Our study has several limitations. First, the size of the study was limited, especially in the subgroup analysis. However, our research used a random allocation of women to the three groups. Moreover, the study was hypothesis-generating and the presented associations do not necessarily mean the cause-effect relationship, therefore our results should be interpreted with caution. Second, our study excluded women with comorbidities known to increase PC and negatively alter fibrinolysis, in particular diabetes [29], which may limit the applicability of our findings to the general population of postmenopausal women.
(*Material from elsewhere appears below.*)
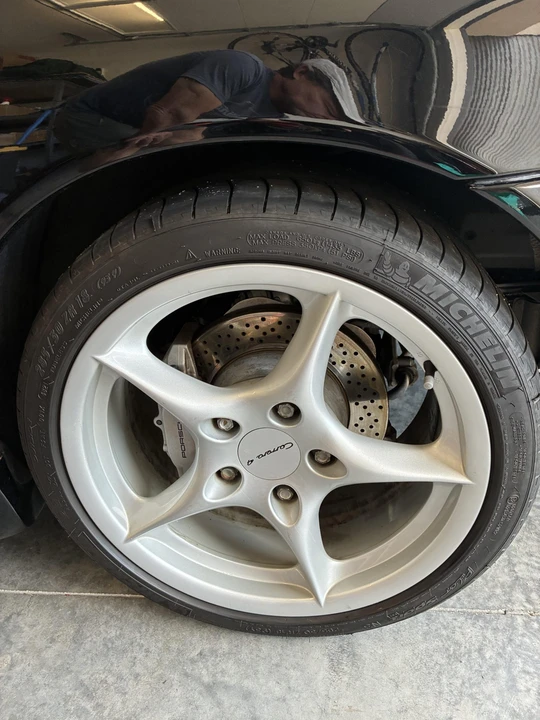 2003 Porsche 996 Carrera 4 - Image 16 of 31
Third, we did not assess all enzymes involved in fibrinolysis, such as tPA or urokinase-type PA. Moreover, we did not perform in vitro experiments to show which proteins were affected by carbonylation in postmenopausal women, in particular PAI-1 and TAFI. Fourth, in treated women, therapeutic compliance was assessed only through self-reporting, therefore we cannot exclude that HT was not taken regularly by all subjects.

Conclusion

Our randomized study suggests that in postmenopausal women enhanced PC is associated with hypofibrinolysis accompanied by increased activity of PAI-1 and TAFI. After 24 weeks of HT PC levels are lowered along with enhanced fibrinolysis. Mechanistic studies involving all enzymes regulating fibrinolysis, including an assessment of their carbonylation, are needed to support our observation.